Lunga strada da percorrere

Allo stesso tempo, la ricercatrice Runa Wolden del Dipartimento di Medicina Clinica dell’UiT sottolinea che c’è ancora molta strada da fare prima di sapere se la Romsacin sarà sviluppata e utilizzata come nuovo medicinale. Perché è così che funziona con la ricerca di base; non puoi dire in anticipo quando qualcuno utilizzerà i risultati che produci.

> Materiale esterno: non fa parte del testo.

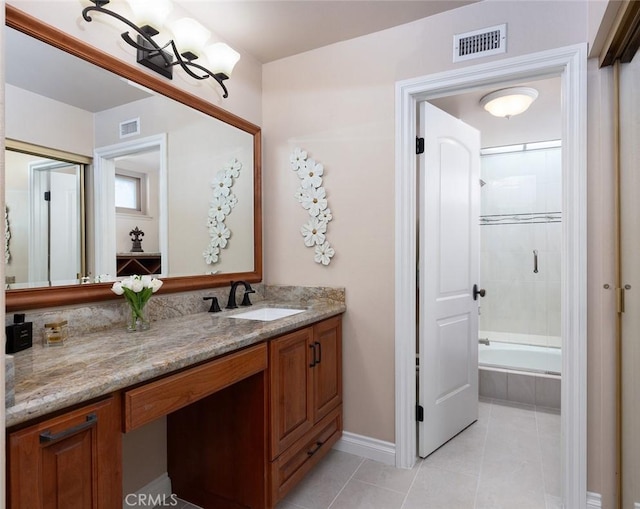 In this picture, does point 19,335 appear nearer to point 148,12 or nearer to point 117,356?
point 117,356

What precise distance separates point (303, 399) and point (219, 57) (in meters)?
1.83

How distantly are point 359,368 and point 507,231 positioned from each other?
2705 mm

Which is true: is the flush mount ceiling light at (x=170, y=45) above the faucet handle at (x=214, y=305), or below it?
above

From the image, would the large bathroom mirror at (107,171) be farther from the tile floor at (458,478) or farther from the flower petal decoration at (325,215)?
the tile floor at (458,478)

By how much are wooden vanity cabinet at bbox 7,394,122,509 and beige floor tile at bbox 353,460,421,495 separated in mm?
1371

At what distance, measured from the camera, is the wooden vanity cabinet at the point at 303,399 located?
165cm

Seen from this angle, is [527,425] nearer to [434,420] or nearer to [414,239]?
[434,420]

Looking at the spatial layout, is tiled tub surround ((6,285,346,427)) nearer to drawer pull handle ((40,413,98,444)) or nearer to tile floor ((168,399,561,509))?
drawer pull handle ((40,413,98,444))

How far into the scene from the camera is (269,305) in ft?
7.61

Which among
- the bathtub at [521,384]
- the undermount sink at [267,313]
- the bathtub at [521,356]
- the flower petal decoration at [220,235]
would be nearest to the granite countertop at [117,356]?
the undermount sink at [267,313]

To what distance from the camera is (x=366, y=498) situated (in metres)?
1.85

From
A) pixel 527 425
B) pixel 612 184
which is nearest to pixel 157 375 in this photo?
pixel 612 184

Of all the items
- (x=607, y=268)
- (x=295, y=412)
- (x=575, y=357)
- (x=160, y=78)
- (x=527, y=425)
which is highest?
(x=160, y=78)

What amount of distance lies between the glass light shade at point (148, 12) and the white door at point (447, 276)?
56.3 inches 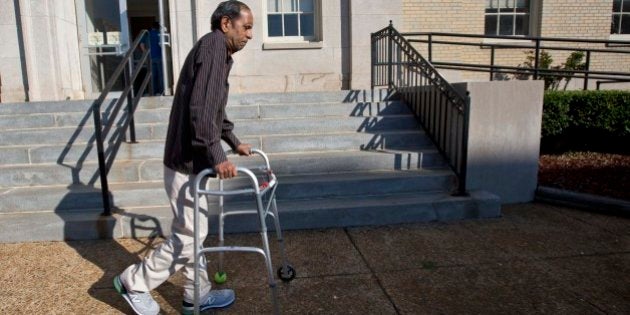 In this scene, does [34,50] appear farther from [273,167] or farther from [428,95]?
[428,95]

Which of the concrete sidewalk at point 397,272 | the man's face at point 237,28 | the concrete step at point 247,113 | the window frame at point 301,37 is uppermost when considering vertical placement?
the window frame at point 301,37

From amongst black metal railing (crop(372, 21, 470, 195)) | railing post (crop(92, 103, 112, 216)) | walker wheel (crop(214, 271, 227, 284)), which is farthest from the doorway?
walker wheel (crop(214, 271, 227, 284))

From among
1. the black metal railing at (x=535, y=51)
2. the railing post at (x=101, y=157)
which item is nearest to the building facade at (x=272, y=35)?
the black metal railing at (x=535, y=51)

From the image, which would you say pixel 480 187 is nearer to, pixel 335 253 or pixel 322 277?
pixel 335 253

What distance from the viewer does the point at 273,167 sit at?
5.03 metres

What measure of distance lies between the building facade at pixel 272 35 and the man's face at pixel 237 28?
578cm

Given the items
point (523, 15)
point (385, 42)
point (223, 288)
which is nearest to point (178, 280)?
point (223, 288)

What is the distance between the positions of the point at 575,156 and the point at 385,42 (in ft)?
11.4

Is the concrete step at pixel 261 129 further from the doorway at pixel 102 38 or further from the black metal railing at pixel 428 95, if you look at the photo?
the doorway at pixel 102 38

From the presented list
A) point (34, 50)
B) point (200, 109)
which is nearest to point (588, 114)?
point (200, 109)

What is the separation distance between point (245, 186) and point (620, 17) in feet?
35.7

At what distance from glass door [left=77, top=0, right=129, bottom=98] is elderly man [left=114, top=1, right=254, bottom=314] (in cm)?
670

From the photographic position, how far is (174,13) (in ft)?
25.8

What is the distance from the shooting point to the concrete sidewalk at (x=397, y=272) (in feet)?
9.91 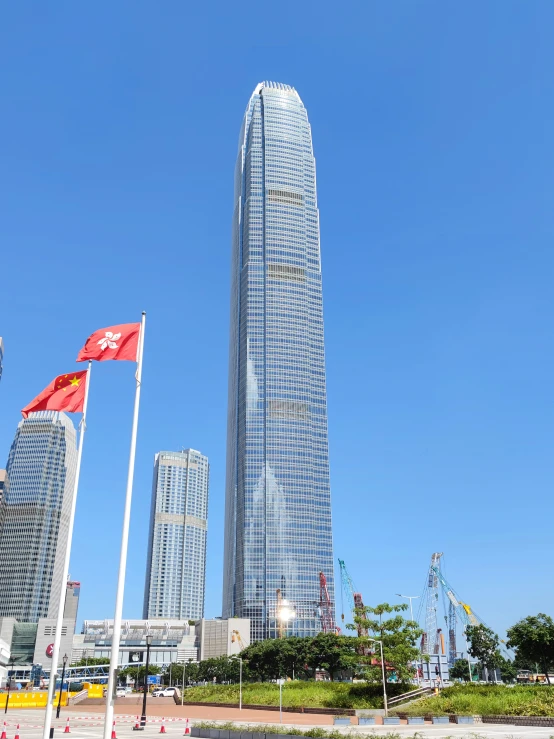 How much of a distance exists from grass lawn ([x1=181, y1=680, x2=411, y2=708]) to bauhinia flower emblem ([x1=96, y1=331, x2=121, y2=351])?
45.1 m

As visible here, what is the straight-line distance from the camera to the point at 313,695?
65.9 meters

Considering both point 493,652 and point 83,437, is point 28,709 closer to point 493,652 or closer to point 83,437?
point 83,437

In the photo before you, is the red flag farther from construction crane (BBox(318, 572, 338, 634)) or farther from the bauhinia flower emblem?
construction crane (BBox(318, 572, 338, 634))

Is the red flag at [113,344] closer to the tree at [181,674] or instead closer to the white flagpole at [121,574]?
the white flagpole at [121,574]

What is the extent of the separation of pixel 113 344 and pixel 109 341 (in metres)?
0.34

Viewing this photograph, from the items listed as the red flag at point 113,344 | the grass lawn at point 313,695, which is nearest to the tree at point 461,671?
the grass lawn at point 313,695

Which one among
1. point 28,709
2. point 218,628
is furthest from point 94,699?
point 218,628

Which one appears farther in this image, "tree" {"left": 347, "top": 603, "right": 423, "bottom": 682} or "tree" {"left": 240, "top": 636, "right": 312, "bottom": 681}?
"tree" {"left": 240, "top": 636, "right": 312, "bottom": 681}

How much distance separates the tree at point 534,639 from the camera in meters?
85.2

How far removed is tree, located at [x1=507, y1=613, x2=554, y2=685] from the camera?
279ft

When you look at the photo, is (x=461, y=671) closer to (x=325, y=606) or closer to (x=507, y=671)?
(x=507, y=671)

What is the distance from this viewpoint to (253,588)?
18800 centimetres

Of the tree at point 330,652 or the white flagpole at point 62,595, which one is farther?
the tree at point 330,652

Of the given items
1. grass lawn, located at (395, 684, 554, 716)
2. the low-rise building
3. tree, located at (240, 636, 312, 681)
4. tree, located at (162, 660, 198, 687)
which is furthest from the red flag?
the low-rise building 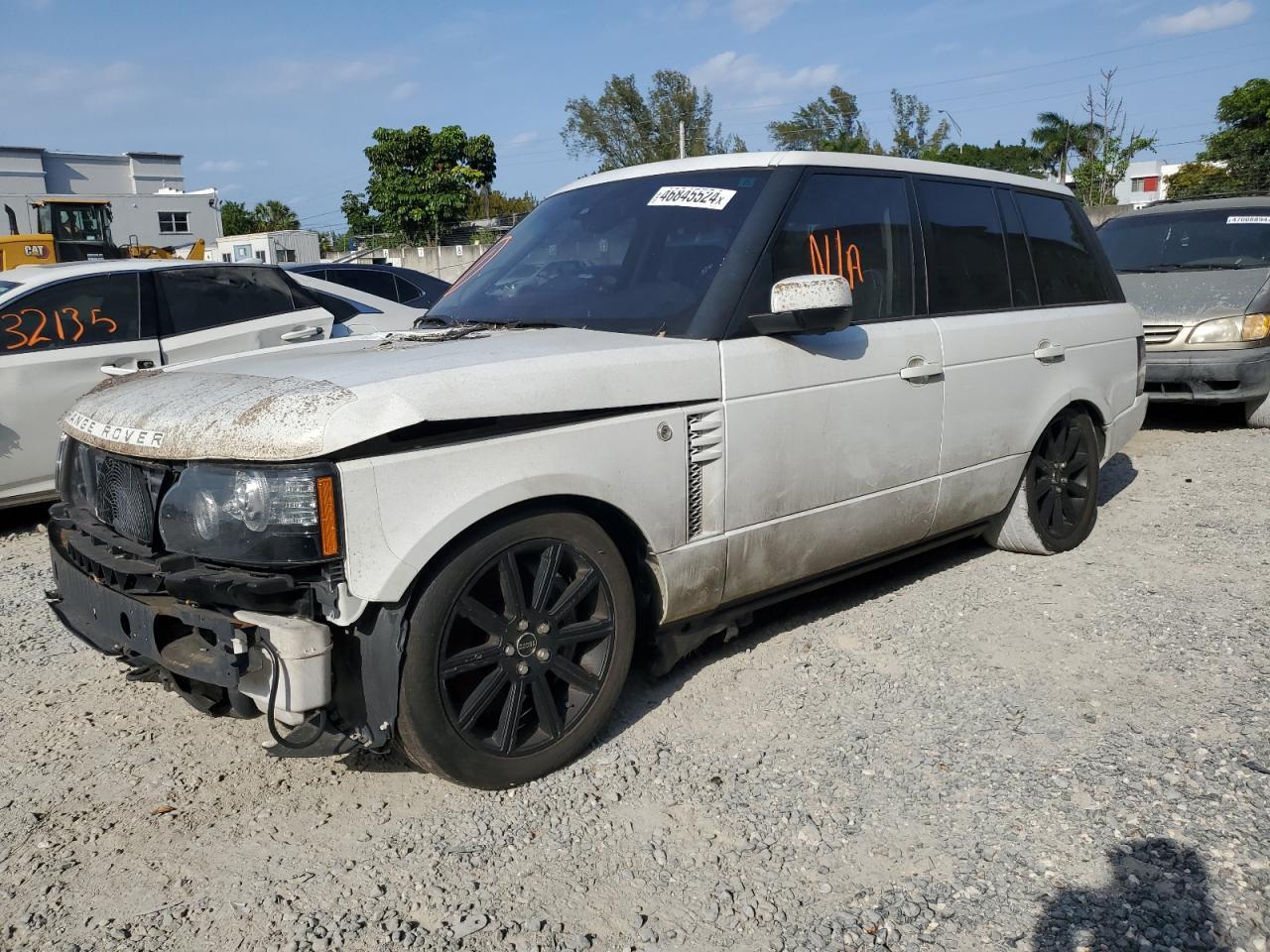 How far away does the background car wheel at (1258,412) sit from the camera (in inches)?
340

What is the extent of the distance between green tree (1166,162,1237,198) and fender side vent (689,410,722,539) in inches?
1388

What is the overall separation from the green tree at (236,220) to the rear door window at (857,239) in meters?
89.4

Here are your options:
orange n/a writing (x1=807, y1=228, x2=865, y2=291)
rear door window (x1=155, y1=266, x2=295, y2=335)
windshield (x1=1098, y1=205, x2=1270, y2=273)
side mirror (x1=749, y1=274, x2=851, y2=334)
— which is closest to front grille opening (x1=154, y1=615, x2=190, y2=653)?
side mirror (x1=749, y1=274, x2=851, y2=334)

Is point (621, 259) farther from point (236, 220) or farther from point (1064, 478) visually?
point (236, 220)

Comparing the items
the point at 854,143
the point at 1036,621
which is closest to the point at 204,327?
the point at 1036,621

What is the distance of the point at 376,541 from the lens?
2699 mm

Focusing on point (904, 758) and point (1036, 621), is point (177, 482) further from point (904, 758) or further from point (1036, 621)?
point (1036, 621)

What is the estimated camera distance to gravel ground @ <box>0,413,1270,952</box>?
2.54 metres

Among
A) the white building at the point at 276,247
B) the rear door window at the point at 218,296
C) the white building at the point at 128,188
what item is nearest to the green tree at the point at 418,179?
the white building at the point at 276,247

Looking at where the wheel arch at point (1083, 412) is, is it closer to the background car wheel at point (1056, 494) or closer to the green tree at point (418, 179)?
the background car wheel at point (1056, 494)

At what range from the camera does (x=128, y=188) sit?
69062mm

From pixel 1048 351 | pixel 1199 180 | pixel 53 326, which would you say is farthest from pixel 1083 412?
pixel 1199 180

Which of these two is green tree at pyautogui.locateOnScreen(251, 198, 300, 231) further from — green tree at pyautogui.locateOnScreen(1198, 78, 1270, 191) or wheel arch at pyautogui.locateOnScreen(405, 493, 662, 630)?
wheel arch at pyautogui.locateOnScreen(405, 493, 662, 630)

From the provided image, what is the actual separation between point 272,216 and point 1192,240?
88.0m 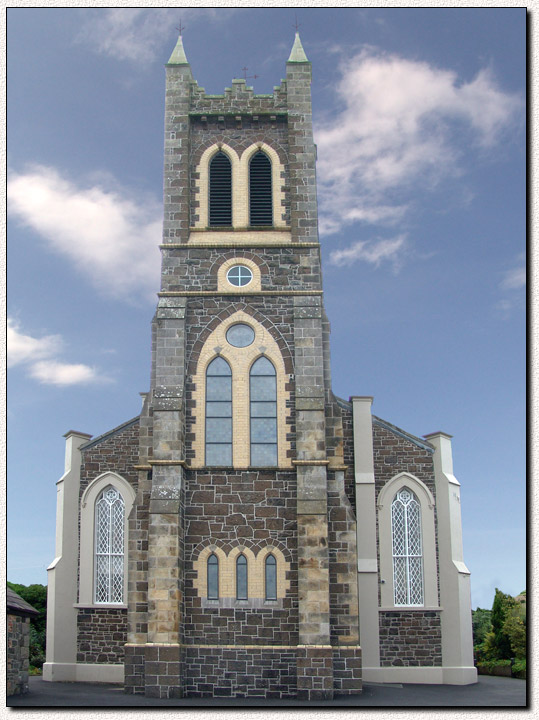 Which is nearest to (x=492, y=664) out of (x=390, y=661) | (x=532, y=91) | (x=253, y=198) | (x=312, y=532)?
(x=390, y=661)

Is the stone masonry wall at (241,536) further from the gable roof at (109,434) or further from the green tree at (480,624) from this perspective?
the green tree at (480,624)

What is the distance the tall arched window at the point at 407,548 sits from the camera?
91.7 ft

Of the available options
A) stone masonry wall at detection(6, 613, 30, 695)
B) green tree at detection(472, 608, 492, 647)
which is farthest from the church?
green tree at detection(472, 608, 492, 647)

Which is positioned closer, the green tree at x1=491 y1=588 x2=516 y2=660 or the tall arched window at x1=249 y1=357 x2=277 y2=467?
the tall arched window at x1=249 y1=357 x2=277 y2=467

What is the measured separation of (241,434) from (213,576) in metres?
4.04

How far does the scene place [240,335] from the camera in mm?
26234

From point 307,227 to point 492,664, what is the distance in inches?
692

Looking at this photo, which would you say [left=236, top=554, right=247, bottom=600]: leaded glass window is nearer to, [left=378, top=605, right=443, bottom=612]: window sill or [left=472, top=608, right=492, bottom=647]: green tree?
[left=378, top=605, right=443, bottom=612]: window sill

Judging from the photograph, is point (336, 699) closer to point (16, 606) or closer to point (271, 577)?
point (271, 577)

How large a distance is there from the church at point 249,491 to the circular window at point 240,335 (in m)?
0.05

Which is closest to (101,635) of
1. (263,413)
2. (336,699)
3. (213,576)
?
(213,576)

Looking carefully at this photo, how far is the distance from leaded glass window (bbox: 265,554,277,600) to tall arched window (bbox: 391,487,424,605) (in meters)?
5.47

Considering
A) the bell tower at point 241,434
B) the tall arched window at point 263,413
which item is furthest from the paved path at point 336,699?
the tall arched window at point 263,413

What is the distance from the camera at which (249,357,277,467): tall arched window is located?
25172 mm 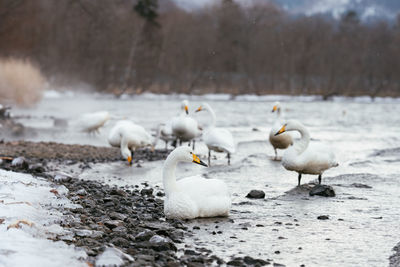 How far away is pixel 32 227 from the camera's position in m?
4.99

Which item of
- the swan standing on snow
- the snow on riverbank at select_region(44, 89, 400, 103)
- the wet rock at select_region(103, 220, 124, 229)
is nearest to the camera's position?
the wet rock at select_region(103, 220, 124, 229)

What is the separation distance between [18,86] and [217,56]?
43.9 metres

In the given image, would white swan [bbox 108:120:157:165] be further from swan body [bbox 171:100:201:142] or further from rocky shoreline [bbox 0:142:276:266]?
rocky shoreline [bbox 0:142:276:266]

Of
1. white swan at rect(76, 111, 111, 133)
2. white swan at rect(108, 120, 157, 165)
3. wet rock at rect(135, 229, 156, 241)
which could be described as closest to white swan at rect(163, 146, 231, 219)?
wet rock at rect(135, 229, 156, 241)

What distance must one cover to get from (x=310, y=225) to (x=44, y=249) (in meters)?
3.27

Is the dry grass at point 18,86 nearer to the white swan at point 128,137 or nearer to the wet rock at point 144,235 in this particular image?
the white swan at point 128,137

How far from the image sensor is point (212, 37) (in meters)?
71.4

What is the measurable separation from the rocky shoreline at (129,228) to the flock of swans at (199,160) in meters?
0.32

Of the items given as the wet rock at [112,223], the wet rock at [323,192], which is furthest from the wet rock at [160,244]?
the wet rock at [323,192]

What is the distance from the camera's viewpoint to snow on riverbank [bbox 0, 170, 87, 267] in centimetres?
425

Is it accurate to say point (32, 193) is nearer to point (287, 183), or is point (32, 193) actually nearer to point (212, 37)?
point (287, 183)

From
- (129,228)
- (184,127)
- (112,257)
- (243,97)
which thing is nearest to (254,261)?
(112,257)

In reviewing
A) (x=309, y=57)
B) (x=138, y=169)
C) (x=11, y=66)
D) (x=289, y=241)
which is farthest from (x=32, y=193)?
(x=309, y=57)

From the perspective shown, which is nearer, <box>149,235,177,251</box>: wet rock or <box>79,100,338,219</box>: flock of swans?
<box>149,235,177,251</box>: wet rock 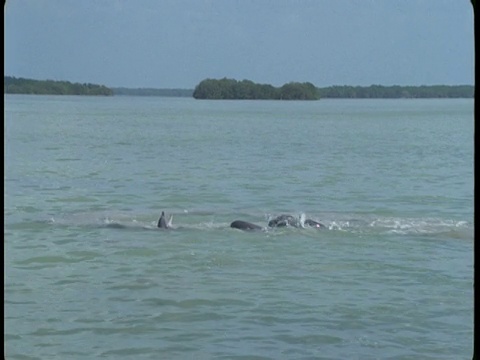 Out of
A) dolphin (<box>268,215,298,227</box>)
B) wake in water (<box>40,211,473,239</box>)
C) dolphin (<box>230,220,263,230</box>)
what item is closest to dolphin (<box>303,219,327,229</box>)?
wake in water (<box>40,211,473,239</box>)

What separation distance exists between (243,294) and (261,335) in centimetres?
172

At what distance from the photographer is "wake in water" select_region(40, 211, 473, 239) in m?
13.5

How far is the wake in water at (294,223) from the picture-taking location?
1351 cm

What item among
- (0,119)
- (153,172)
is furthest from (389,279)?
(153,172)

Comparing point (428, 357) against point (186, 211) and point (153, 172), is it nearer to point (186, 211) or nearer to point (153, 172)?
point (186, 211)

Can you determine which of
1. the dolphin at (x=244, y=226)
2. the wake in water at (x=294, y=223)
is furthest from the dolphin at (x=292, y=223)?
the dolphin at (x=244, y=226)

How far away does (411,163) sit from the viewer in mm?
29969

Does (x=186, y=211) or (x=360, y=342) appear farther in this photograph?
(x=186, y=211)

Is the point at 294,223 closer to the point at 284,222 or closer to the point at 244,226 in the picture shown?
the point at 284,222

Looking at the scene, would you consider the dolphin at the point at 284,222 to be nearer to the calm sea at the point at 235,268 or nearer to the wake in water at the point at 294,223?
the wake in water at the point at 294,223

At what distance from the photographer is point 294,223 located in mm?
13391

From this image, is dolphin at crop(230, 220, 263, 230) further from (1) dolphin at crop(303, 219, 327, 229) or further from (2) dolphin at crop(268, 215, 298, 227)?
(1) dolphin at crop(303, 219, 327, 229)

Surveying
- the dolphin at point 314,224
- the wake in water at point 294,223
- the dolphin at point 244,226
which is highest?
the dolphin at point 244,226

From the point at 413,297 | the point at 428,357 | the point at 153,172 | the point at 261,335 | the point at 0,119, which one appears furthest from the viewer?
the point at 153,172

“Questa scoperta è il risultato di qualcosa che stiamo ricercando da diversi anni. Lo sviluppo della romsacina – o di altre sostanze promettenti – per creare nuovi antibiotici è molto costoso e può richiedere 10-20 anni”, afferma Wolden, che fa parte del The gruppo di ricerca sulla salute dei bambini e dei giovani.

Efficace contro i tipi batterici

Prima che i nuovi antibiotici possano essere utilizzati come medicinali, è necessario assicurarsi che siano sicuri da usare. Attualmente, i ricercatori non sanno come funziona la batteriocina negli esseri umani. Un ulteriore processo comporterà test, burocrazia e marketing completi.

“Ciò significa naturalmente che c’è ancora molta strada da fare prima di poter dire qualcosa con certezza. Ciò che già sappiamo, però, è che si tratta di una nuova batteriocina, e che funziona contro alcuni tipi di batteri resistenti agli antibiotici. È emozionante”, dice Wolden.

La nuova batteriocina è prodotta da un batterio chiamato Staphylococcus haemolyticus. La batteriocina non è prodotta da tutti gli S. haemolyticus, ma da uno dei 174 isolati che i ricercatori hanno a disposizione nel congelatore.

“Non potevamo saperlo prima di iniziare il progetto, e questa è una delle cose che rende la ricerca divertente”, afferma Wolden.

Dice che dieci anni fa i ricercatori hanno raccolto campioni batterici da persone sane quando volevano confrontare lo S. haemolyticus nelle persone sane con quelli trovati nei pazienti in ospedale.

“Successivamente abbiamo fatto molti esperimenti con questi batteri, e questo è il risultato di uno dei nostri progetti”, dice Runa Wolden.